▸ WHAT YOU SHOULD DO: The output should be every line below that includes the word "image".

▸ GIVEN RECORDS:
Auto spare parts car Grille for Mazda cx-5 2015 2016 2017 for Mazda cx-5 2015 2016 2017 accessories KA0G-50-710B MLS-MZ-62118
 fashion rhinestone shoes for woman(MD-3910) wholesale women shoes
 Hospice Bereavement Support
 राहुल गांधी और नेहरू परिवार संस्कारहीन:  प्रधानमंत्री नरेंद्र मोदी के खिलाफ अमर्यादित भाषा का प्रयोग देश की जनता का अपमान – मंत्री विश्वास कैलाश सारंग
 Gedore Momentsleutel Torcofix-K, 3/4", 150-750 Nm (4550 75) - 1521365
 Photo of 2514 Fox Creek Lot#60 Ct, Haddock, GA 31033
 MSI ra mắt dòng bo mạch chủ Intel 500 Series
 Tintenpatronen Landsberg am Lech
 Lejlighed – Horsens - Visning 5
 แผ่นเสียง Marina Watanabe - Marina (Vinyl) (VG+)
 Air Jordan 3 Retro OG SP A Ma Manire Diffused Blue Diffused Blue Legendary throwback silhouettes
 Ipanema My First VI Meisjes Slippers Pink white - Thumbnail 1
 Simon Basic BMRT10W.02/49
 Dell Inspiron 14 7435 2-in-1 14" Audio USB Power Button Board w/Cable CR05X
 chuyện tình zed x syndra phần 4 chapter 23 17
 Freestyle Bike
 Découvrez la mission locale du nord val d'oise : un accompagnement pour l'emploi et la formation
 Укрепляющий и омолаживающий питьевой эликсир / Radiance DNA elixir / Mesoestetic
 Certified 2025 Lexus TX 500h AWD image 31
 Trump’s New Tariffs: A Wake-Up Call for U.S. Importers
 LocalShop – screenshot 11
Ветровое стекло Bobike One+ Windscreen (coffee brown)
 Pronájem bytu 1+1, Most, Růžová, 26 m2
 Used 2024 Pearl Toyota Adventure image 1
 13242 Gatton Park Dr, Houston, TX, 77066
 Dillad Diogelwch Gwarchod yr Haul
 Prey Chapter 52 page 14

▸ SOLUTION BELOW:
 Certified 2025 Lexus TX 500h AWD image 31
 Used 2024 Pearl Toyota Adventure image 1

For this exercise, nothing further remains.